Augusta Held Hostage: Day 18


Thursday, October 11, 2012
Augusta, GA

By Al Gray

Yesterday, yet another Tee Center work session was scheduled by Augusta Commissioner Jerry Brigham. This meeting came on the heels of an amazing series of revelations, contradictions, and absurdities emanating from the fiasco of the first Tee Center work session last week.

On hand to present for Tee Center partner and soon-to-be manager were Mr. Paul Simon of Augusta Riverfront LLC and Mr. Bob Kuhar. Present to answer questions and representing the city was attorney Jim Plunkett.


  • Who is Augusta Convention Center Management LLC, who is named the TEE Center Manager?
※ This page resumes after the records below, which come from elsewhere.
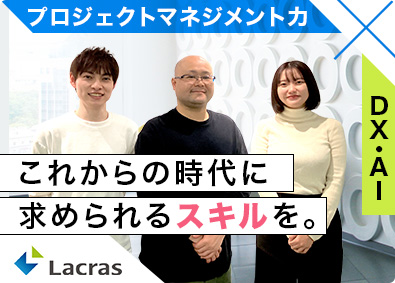 ラクラス株式会社(パーソルグループ) 年末調整サービスの運営スタッフ（企画・改善）／年休124日
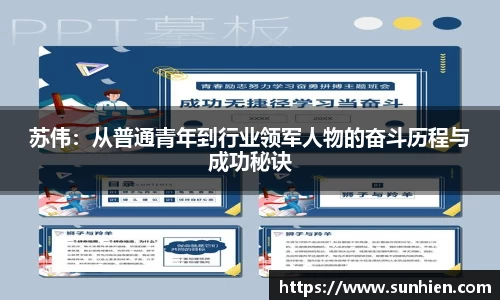 万博max平台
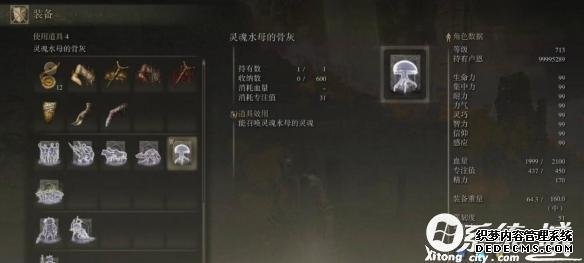 艾尔登法环幽灵水母怎么召唤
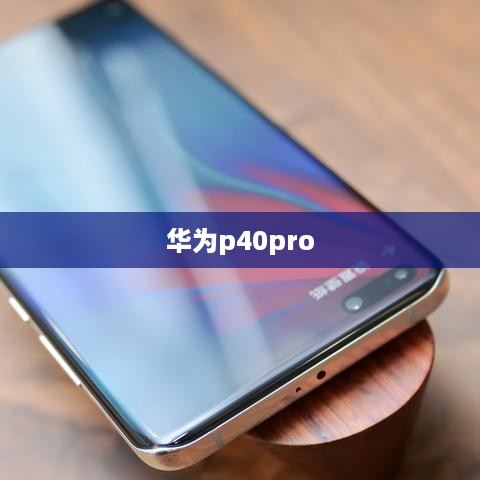 华为p40pro  第1张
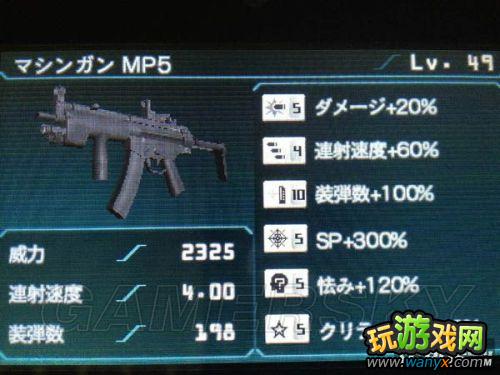 《生化危机:启示录》49级最大洞极品装备展示 参数对比表格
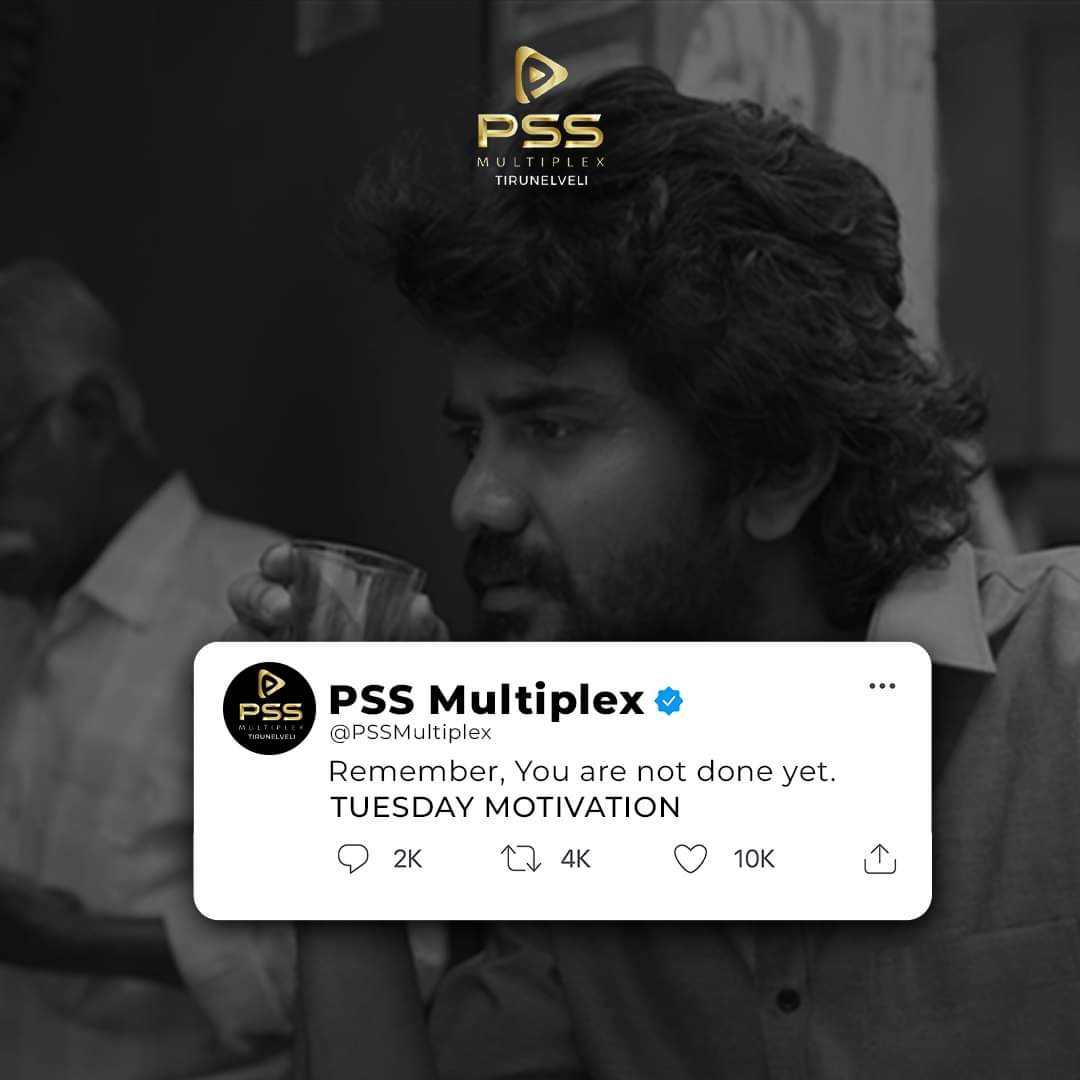 All you need now is a person to motivate you to strike the goal harder. Tuesday motivation. #Motivation #Hardwork #inspiration #pssmultiplex #tirunelveli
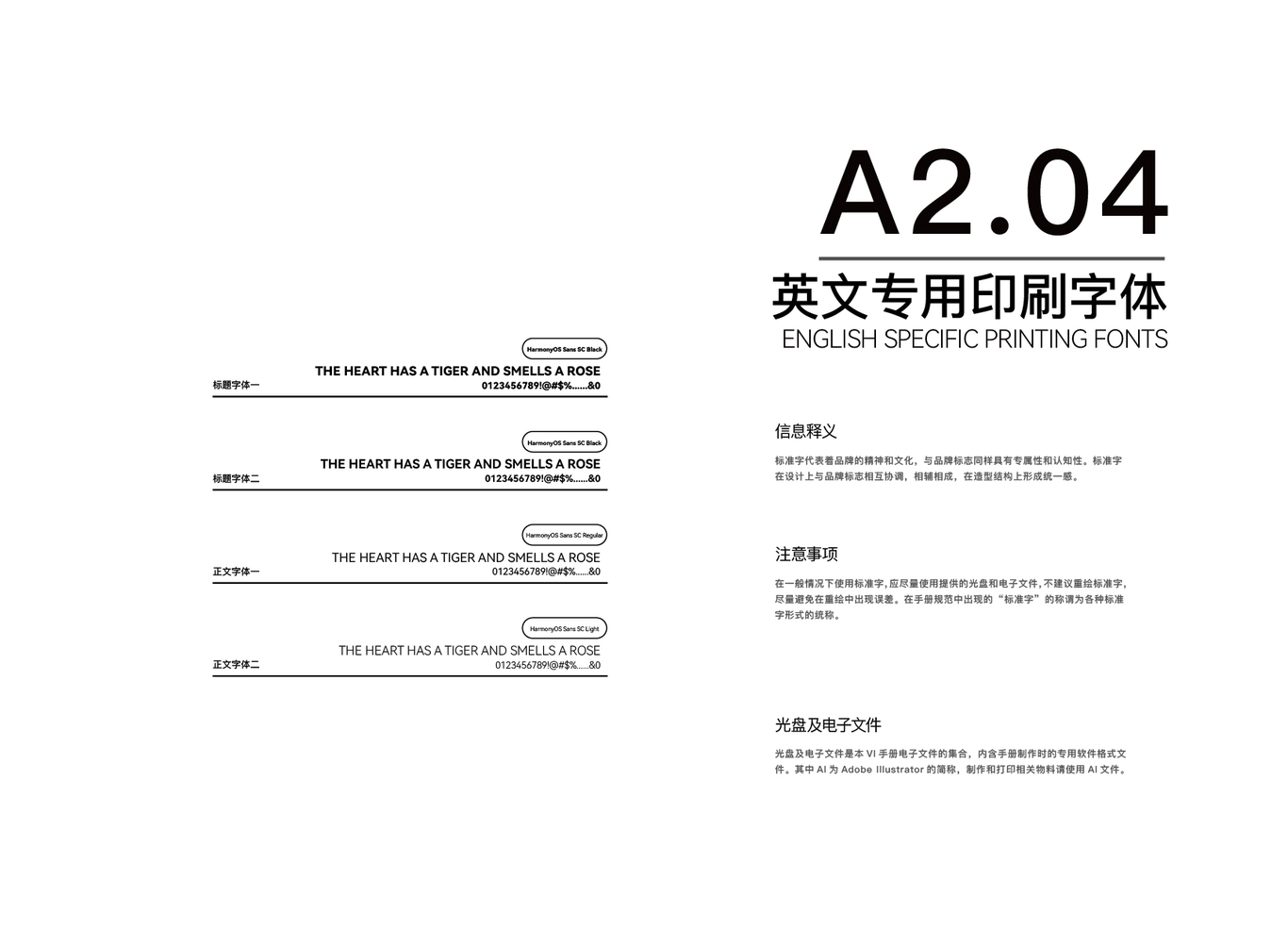 焕星设计图16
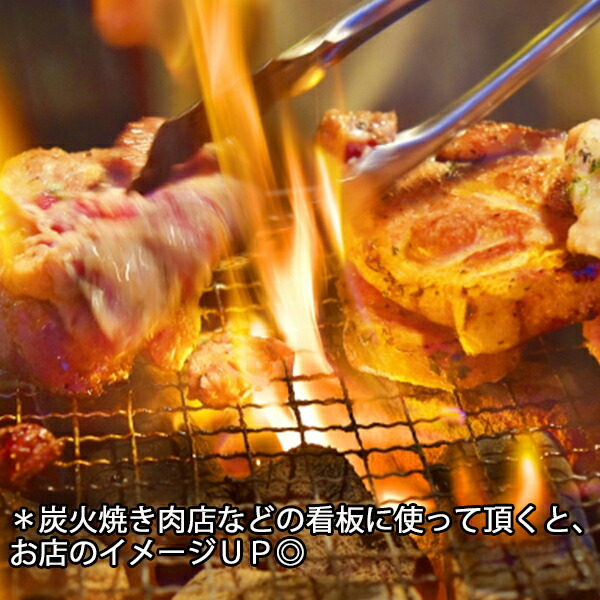 紀州備長炭 馬目半丸 15kg 和歌山県産 備長炭 インテリア 逸品 脱臭 空気清浄 癒しオブジェ 日本製 国産 人気 半丸 ウバメガシ 飲食店 本格 炭火焼 焼き鳥 うなぎ 鰻 ウナギ 料亭 炉端 キャンプ アウトドア 野営 グランピング ログハウス 別荘 暖炉 長時間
Where  is an assessment of this entity's financial viability? Who are its principals? Don't we need to know who they are to be sure that they are not paid as the contract dictates?

  • In the last work session Mr. Simon called for us to look at the Commission's December 7, 2009 vote authorize the mayor to execute the Tee Center CORE agreement, but this document does not now exist, does it? Doesn't this invalidate the motion that passed the Commission in December 2009?

  • The Tee Center Catering Agreement references that certain Conference Center Management Agreement dated as of __________, 2012 by and between Caterer and City. Where is this document? If it does exist, why were we not provided with it?

  • Let us see if we understand this correctly from the last work session: Mr. Simon said “So what I’m saying to the city in this (August 2007) term sheet we’ll give you land. Now what are we getting back for our land? We’re getting the kitchen. The term sheet says “The LLC and Augusta will allow the necessary modifications to the Convention Center to provide for the combined use of the kitchen, laundry, and back of the house areas.” The Term sheet also says that “AUGUSTA AND LLC AGREE TO THE FOLLOWING TERMS TO OWN, BUILD, AND OPERATE THE TRADE CENTER” Doesn't this mean that the LLC agreed to bear costs in the term sheet for which it is responsible? 
     
  • Doesn't the 2007 Term Sheet say that “Augusta's Capital Funds shall specifically not be used for items related to Kitchen Equipment, Laundry Equipment, or any Convention Center and Convention Center and/or Hotel capital cost.” When did the Commission assume its LLC partner's cost of Kitchen Equipment? 
     
  • Mr. Simon cites that the Tee Center cost estimates included $700,000 for kitchen equipment (later increased to $1.4 million without any change in the estimate) but why isn't this a LLC cost to “own, build, and operate?” when the Term Sheet says it is an LLC cost?

  • The invoice for the Kitchen Equipment shows refurbishment of existing kitchen equipment. Whose equipment was this? Whose equipment will it become?

  • The RW Allen Contract caps the overhead and profit on a subcontract but the kitchen equipment invoice for roughly $1.4 million and data in Augusta's possession is insufficient to determine whether this limit has been breached? Why don't we insist on getting the information required to assure this limit has been met?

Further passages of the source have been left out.